René Cárdenas (/es/; February 6, 1930 – May 10, 2026) was a Nicaraguan sports journalist and announcer. He became the first Spanish-language announcer to cover Major League Baseball (MLB) when he joined the Los Angeles Dodgers in 1958. He also broadcast games for the Houston Astros and Texas Rangers and announced boxing matches, as well.

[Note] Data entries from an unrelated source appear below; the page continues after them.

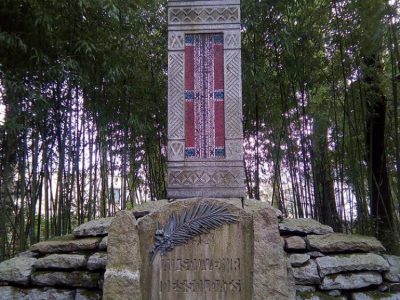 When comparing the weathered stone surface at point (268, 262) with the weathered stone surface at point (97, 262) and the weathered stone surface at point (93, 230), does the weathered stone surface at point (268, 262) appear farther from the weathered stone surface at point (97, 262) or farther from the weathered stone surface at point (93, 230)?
the weathered stone surface at point (93, 230)

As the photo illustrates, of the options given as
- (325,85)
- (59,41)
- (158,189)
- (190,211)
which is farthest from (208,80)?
(158,189)

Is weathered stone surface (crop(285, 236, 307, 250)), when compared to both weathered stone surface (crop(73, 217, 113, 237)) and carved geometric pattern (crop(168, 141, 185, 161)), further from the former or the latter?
weathered stone surface (crop(73, 217, 113, 237))

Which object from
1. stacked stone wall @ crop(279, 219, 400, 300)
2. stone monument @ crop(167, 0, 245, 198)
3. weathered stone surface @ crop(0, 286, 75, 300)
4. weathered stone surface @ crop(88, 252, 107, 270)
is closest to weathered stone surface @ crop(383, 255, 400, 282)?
stacked stone wall @ crop(279, 219, 400, 300)

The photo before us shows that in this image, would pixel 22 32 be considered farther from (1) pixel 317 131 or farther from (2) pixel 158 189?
(1) pixel 317 131

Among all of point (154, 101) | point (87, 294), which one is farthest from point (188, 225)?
point (154, 101)

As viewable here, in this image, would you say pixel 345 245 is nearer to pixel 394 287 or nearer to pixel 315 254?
pixel 315 254

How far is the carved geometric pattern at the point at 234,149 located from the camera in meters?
4.11

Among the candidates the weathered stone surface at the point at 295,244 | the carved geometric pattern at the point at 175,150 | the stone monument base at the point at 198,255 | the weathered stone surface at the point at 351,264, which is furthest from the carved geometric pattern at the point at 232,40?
the weathered stone surface at the point at 351,264

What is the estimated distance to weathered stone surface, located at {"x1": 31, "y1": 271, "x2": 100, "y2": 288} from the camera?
3.76 metres

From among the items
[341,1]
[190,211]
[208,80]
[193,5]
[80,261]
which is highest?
[341,1]

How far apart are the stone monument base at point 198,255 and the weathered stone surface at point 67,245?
2.67 ft

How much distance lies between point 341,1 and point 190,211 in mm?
3524

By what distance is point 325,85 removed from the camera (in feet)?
21.4

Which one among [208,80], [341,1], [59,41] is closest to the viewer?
[208,80] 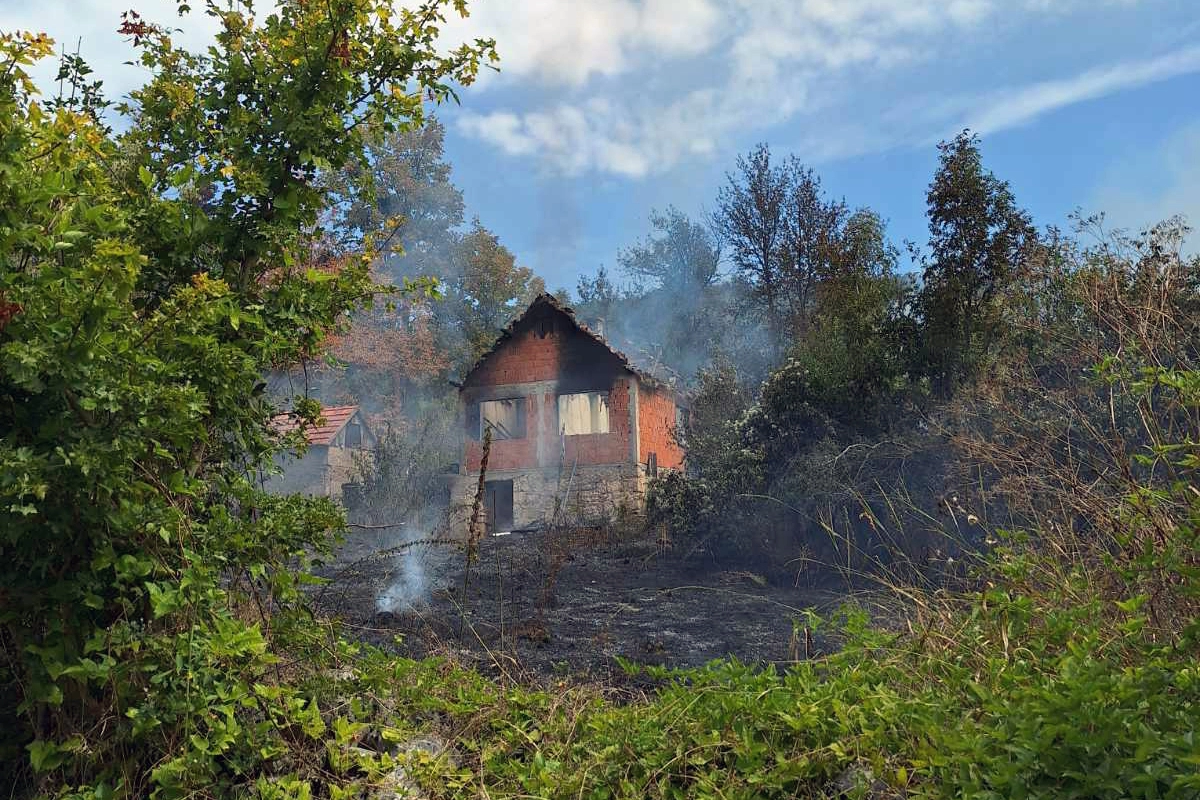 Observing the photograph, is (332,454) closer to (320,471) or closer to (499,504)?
(320,471)

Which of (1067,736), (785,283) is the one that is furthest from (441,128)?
(1067,736)

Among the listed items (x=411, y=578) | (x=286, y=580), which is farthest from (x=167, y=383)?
(x=411, y=578)

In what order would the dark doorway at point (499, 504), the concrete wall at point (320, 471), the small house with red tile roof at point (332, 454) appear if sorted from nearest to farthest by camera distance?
the dark doorway at point (499, 504), the small house with red tile roof at point (332, 454), the concrete wall at point (320, 471)

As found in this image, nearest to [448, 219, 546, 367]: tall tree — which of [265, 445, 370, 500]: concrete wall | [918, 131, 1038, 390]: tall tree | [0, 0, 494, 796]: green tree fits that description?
[265, 445, 370, 500]: concrete wall

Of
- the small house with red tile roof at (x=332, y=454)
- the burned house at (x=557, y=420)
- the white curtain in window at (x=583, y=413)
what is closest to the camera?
the burned house at (x=557, y=420)

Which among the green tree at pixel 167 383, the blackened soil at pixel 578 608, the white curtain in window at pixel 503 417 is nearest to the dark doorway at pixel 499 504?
the white curtain in window at pixel 503 417

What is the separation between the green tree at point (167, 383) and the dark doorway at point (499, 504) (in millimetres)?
20912

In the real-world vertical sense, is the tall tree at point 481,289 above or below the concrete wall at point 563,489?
above

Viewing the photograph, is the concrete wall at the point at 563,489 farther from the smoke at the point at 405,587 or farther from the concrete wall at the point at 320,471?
the concrete wall at the point at 320,471

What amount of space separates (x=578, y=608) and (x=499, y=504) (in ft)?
48.1

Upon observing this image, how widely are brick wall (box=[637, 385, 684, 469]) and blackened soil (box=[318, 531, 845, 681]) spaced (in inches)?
239

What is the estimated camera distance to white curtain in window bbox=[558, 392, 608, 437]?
25.4 metres

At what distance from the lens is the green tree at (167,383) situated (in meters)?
3.87

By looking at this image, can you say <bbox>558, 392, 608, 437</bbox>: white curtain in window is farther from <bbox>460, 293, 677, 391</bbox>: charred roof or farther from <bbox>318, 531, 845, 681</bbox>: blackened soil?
<bbox>318, 531, 845, 681</bbox>: blackened soil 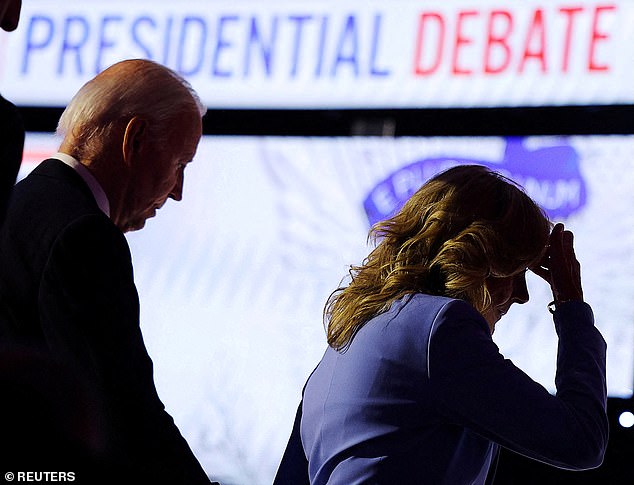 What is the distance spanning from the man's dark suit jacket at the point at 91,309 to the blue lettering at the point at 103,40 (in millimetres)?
1314

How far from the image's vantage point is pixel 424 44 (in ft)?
8.63

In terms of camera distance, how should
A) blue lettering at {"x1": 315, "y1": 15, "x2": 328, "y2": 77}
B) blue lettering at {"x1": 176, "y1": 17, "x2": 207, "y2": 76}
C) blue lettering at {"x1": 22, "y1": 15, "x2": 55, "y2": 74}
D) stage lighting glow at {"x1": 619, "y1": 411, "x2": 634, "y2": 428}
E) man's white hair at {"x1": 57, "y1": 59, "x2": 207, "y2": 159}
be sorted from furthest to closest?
blue lettering at {"x1": 22, "y1": 15, "x2": 55, "y2": 74} → blue lettering at {"x1": 176, "y1": 17, "x2": 207, "y2": 76} → blue lettering at {"x1": 315, "y1": 15, "x2": 328, "y2": 77} → stage lighting glow at {"x1": 619, "y1": 411, "x2": 634, "y2": 428} → man's white hair at {"x1": 57, "y1": 59, "x2": 207, "y2": 159}

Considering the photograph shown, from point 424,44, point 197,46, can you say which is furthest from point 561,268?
point 197,46

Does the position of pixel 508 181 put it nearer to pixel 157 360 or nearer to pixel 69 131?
pixel 69 131

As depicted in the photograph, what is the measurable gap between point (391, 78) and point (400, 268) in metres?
1.21

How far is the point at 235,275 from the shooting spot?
268cm

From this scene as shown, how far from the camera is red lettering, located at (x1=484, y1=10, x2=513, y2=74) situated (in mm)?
2553

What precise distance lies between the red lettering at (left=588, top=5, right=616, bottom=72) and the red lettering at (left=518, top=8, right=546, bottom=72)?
0.11m

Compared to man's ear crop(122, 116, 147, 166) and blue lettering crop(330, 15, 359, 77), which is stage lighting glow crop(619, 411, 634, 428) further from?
man's ear crop(122, 116, 147, 166)

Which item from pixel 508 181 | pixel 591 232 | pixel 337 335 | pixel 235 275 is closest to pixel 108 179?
pixel 337 335

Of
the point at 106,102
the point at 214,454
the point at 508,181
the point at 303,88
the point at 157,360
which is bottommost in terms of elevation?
the point at 214,454

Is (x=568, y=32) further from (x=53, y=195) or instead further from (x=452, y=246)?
(x=53, y=195)

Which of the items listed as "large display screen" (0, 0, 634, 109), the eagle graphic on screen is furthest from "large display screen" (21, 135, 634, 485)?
"large display screen" (0, 0, 634, 109)

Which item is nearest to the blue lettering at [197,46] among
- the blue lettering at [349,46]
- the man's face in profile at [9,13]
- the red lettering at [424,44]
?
the blue lettering at [349,46] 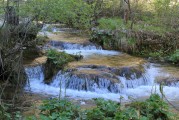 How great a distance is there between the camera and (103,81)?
30.1 ft

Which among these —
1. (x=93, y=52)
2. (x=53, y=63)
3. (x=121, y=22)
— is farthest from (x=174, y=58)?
(x=53, y=63)

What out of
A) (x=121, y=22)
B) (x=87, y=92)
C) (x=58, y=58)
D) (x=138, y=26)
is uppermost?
(x=121, y=22)

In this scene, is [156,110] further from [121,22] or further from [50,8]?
[121,22]

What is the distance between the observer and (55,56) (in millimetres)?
10156

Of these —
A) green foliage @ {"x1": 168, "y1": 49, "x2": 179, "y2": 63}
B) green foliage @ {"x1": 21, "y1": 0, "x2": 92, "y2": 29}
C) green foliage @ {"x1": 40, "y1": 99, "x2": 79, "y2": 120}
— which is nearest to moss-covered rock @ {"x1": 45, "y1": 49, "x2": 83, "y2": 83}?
green foliage @ {"x1": 21, "y1": 0, "x2": 92, "y2": 29}

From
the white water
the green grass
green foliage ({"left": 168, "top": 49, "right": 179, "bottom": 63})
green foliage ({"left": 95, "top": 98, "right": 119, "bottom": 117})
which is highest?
the green grass

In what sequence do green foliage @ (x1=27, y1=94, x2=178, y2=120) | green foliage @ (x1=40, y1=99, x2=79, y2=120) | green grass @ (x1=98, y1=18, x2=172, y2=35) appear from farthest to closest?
1. green grass @ (x1=98, y1=18, x2=172, y2=35)
2. green foliage @ (x1=40, y1=99, x2=79, y2=120)
3. green foliage @ (x1=27, y1=94, x2=178, y2=120)

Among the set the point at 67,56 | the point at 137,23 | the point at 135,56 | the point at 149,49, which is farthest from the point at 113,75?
the point at 137,23

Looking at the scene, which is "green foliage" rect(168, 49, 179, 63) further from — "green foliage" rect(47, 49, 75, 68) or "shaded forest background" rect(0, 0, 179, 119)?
"green foliage" rect(47, 49, 75, 68)

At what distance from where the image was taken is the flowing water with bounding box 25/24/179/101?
8.99 m

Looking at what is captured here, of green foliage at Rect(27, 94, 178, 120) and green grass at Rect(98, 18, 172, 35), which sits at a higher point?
green grass at Rect(98, 18, 172, 35)

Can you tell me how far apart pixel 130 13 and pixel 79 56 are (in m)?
5.63

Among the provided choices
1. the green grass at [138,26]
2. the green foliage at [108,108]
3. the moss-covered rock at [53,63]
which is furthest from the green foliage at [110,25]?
the green foliage at [108,108]

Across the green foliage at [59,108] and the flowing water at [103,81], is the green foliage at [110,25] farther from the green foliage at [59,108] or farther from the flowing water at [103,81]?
the green foliage at [59,108]
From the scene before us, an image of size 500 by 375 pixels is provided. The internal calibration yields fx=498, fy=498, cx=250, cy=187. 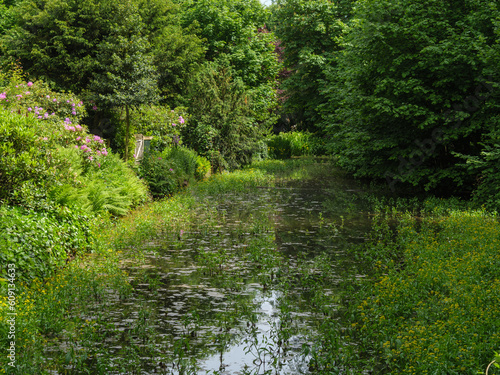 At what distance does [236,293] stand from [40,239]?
11.1 ft

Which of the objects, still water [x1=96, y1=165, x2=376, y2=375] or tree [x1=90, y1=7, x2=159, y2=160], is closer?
still water [x1=96, y1=165, x2=376, y2=375]

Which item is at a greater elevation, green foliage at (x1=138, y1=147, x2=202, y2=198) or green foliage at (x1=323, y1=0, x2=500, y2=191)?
green foliage at (x1=323, y1=0, x2=500, y2=191)

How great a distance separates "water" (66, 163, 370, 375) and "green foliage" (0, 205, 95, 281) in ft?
3.75

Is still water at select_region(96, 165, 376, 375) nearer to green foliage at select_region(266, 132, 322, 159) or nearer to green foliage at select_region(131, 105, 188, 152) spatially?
green foliage at select_region(131, 105, 188, 152)

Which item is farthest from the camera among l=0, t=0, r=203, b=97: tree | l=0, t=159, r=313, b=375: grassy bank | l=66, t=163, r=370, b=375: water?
l=0, t=0, r=203, b=97: tree

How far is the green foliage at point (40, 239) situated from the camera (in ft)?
25.1

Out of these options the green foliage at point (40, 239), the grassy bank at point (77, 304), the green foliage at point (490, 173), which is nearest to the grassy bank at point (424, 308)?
the grassy bank at point (77, 304)

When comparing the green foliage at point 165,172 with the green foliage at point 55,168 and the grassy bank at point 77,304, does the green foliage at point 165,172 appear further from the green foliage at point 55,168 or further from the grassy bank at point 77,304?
the grassy bank at point 77,304

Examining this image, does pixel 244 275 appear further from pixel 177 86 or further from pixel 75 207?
pixel 177 86

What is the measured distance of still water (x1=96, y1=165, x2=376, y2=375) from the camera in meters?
5.88

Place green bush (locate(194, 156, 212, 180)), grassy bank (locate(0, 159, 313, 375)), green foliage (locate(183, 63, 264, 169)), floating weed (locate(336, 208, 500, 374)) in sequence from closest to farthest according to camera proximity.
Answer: floating weed (locate(336, 208, 500, 374)) → grassy bank (locate(0, 159, 313, 375)) → green bush (locate(194, 156, 212, 180)) → green foliage (locate(183, 63, 264, 169))

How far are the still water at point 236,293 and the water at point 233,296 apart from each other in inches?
0.6

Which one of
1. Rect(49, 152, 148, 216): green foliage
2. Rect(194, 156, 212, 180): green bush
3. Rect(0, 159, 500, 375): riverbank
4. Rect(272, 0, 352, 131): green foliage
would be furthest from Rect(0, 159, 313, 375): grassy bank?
Rect(272, 0, 352, 131): green foliage

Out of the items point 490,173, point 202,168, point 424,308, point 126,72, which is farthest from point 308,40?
point 424,308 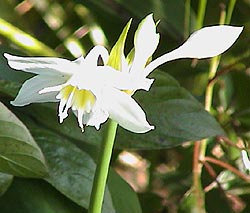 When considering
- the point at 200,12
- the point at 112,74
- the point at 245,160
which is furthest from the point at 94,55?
the point at 200,12

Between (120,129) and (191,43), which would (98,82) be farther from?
(120,129)

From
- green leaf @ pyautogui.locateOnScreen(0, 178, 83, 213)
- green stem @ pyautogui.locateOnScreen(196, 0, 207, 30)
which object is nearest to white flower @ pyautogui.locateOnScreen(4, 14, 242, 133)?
green leaf @ pyautogui.locateOnScreen(0, 178, 83, 213)

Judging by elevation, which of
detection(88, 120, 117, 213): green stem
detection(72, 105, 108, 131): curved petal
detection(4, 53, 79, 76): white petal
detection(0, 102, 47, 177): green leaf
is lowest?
detection(0, 102, 47, 177): green leaf

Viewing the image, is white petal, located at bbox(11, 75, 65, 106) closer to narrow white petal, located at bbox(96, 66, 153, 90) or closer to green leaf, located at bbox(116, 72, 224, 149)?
narrow white petal, located at bbox(96, 66, 153, 90)

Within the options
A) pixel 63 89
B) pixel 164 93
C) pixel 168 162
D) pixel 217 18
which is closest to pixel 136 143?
pixel 164 93

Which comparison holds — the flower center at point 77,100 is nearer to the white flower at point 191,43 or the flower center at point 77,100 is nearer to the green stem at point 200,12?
the white flower at point 191,43

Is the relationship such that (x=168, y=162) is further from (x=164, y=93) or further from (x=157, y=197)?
(x=164, y=93)

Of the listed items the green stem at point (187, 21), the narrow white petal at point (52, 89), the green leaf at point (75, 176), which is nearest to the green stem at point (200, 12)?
the green stem at point (187, 21)

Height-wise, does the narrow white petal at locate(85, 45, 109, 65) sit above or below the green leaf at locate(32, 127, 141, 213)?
above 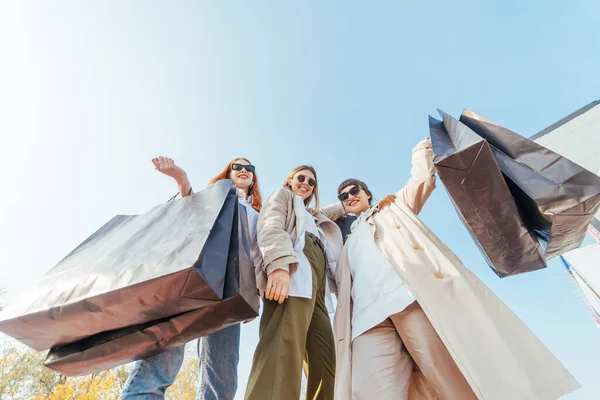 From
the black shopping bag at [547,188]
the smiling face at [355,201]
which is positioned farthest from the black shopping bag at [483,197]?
the smiling face at [355,201]

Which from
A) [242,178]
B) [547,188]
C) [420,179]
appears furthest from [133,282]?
[547,188]

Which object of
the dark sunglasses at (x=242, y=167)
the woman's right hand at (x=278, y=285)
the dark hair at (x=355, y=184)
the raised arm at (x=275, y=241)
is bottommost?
the woman's right hand at (x=278, y=285)

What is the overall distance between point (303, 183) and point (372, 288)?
1375 mm

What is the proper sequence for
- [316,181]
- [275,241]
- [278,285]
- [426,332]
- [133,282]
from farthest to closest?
[316,181], [275,241], [278,285], [426,332], [133,282]

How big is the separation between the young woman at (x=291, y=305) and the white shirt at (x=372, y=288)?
0.29 metres

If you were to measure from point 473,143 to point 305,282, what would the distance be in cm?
128

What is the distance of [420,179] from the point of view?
224cm

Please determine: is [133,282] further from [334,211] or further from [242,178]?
[334,211]

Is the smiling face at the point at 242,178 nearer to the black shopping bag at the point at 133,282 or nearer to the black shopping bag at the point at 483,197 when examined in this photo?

While working for the Astros, Cárdenas developed the first international radio network, which broadcast games to Central and South America. He was the first Spanish-language radio announcer for each of the three MLB baseball teams that he covered.

==Early life==
Cárdenas was born in Managua, Nicaragua, on February 6, 1930. He was the grandson of Adán Cárdenas, who introduced baseball to Nicaragua in the late 19th century and served as the president of Nicaragua. His uncle, Adolfo, played on the Nicaraguan national baseball team.

==Career==
At age 16, Cárdenas began writing about baseball for La Prensa and La Estrella de Nicaragua, Nicaraguan newspapers. He also called games on Radio Mundial.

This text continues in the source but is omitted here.